In grammar, a case could be a single constituent, like a clause, or a group of associated constituents expressed as a more complex FTF.
If we want to investigate how two aspects of a grammatical phenomenon interact, we should note the following.
- The two variables must apply to the same phenomenon. That is, both variables must be based on the same fundamental definition of the case in question. Note that this fundamental definition could be specified as a set of alternative FTFs (as in the example below), but these alternatives should form a meaningful group (e.g., with/without a constituent). We will adopt the convention of specifying a definition of the case in the top left of the contingency tables.
- In practice, this means that we specify FTFs for every cell in the contingency table, not just for every column. We cannot use drag and drop logic to calcuate the intersections. However, we must avoid ambiguity in FTF relations (avoid unordered or eventual relations if at all possible).

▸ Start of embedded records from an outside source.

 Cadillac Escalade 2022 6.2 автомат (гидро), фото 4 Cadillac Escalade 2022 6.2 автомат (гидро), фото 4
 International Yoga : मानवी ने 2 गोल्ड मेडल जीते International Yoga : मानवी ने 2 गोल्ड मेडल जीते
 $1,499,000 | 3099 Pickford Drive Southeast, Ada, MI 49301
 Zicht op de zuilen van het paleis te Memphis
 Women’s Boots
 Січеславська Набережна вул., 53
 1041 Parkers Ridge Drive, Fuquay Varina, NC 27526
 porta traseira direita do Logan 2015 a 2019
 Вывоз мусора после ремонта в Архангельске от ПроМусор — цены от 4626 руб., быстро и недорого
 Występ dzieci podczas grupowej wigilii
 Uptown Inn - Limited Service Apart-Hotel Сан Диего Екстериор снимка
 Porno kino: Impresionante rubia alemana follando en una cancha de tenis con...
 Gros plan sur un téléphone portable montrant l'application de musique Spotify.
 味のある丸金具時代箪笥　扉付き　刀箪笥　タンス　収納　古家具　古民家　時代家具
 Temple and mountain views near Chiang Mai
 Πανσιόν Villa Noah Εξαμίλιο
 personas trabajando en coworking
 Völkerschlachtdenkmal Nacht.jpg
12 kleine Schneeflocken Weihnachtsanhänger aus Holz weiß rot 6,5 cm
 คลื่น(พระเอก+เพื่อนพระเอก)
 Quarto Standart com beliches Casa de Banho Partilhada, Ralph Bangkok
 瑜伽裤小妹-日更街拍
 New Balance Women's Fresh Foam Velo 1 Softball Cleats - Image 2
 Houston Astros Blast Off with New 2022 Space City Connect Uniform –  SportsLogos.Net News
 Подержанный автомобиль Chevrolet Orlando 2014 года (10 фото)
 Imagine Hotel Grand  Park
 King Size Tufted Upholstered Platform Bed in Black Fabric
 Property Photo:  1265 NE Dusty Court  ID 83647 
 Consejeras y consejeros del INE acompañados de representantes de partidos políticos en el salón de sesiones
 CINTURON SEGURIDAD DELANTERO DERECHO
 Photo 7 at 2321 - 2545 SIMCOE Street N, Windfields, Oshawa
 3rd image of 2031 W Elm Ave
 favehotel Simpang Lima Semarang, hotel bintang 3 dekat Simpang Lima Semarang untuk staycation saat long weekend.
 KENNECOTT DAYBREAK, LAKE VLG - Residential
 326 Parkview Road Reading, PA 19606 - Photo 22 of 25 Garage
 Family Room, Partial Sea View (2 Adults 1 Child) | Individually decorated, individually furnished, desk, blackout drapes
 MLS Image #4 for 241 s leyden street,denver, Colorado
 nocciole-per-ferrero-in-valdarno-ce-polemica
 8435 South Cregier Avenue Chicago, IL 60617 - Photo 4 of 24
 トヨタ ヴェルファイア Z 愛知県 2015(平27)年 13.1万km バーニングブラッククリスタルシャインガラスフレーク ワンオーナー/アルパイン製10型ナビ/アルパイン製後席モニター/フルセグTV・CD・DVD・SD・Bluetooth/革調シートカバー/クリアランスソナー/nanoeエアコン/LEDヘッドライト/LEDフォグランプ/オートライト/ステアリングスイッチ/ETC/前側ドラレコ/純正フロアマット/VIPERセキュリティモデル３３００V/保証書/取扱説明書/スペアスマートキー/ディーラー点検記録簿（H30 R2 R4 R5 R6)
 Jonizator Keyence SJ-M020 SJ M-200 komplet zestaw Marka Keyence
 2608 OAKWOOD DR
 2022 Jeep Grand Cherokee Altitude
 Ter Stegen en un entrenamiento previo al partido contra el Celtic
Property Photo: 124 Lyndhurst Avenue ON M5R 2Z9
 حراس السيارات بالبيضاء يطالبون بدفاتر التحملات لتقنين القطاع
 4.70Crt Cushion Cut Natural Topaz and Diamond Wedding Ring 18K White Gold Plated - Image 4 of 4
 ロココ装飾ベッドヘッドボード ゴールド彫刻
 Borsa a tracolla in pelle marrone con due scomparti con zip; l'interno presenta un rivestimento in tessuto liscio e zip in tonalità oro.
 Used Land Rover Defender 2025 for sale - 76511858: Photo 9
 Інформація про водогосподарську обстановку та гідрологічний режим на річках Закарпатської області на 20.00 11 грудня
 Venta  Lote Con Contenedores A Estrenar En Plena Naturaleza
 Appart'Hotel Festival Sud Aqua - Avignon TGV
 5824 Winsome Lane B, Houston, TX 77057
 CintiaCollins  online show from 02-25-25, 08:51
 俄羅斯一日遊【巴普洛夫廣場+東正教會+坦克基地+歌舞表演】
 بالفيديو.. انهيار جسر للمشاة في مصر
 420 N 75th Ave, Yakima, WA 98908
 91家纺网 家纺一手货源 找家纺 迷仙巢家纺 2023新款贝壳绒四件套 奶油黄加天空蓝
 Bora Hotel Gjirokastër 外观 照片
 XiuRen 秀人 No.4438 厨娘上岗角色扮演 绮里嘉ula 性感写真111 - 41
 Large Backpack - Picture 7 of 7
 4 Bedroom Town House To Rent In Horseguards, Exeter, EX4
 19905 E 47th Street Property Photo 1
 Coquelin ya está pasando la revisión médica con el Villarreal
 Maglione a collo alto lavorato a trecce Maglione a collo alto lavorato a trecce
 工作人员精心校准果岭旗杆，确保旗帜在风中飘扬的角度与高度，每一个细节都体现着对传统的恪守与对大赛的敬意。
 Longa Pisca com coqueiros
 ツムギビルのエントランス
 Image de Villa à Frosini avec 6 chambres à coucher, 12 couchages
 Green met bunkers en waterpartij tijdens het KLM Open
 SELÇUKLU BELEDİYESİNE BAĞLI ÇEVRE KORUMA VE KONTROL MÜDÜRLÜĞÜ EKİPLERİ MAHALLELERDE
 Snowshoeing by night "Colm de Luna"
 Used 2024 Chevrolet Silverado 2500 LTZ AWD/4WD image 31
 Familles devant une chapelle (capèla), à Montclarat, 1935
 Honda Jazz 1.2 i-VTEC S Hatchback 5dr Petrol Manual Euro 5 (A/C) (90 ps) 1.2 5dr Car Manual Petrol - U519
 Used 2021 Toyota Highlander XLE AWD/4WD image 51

- We should enumerate all alternatives of the case. Where an FTF cannot be used directly (ICECUP 3.1 allows a search for unspecified features but ICECUP 3.0 did not) we may infer these values by subtracting from a more general case, representing the total.
Some examples will make these points clearer.
Extending the basic approach to grammatical interactions
Suppose that we are interested in investigating aspects of clause structure and we want to find out whether one grammatical variable (say, the mood {exclamative, interrogative, etc.} = IV) affects another (say, the transitivity feature = DV).
- We construct a contingency table as before. Instead of performing FTF queries for each grammatical outcome we must define FTFs for each combination of dependent and independent variable. As before, each total is the sum of all preceding rows or columns.
CL | dependent variable (transitivity) | ||||
DV = m (montr) | DV = d (ditr) | ... | TOTAL | ||
independent variable (mood) | IV = e (exclam) | CL (exclam, montr) | CL (exclam, ditr) | e and (m or d or...) | |
IV = i (inter) | CL (inter, montr) | CL (inter, ditr) | i and (m or d or...) | ||
... | |||||
TOTAL | (e or i or ...) and m | (e or i or ...) and d | (e or i or ...) and (m or d or...) |
- If you want to ensure that mood and transitivity are fully enumerated, you may also allow for them to be unmarked. This makes the experiment more robust. In ICECUP 3.1 you can retrieve these cases directly. Alternatively, you can obtain results by subtraction – see the table below. Essentially, you do a search for CL(inter) and then for CL(inter, montr), CL(inter, ditr), and so on. Subtracting these more specific clause instances from CL(inter) will eventually give you the unmarked set. (This is the old ICECUP 3.0 method.)
Incidentally, there is an important distinction between the meaning of unmarked mood and unmarked transitivity. All clauses should be classified by transitivity, so if the feature is absent, the clause is incomplete or an error. Mood, on the other hand, is optional (and meaningful): if the mood is unmarked, it is assumed to be indicative.
The grand total is then simply the result of performing a query for ‘CL’. If you can write an explicit FTF here, this FTF defines the case. In the table above, the grand total is the set of all clauses where both transitivity and mood are stated (which is not always the case).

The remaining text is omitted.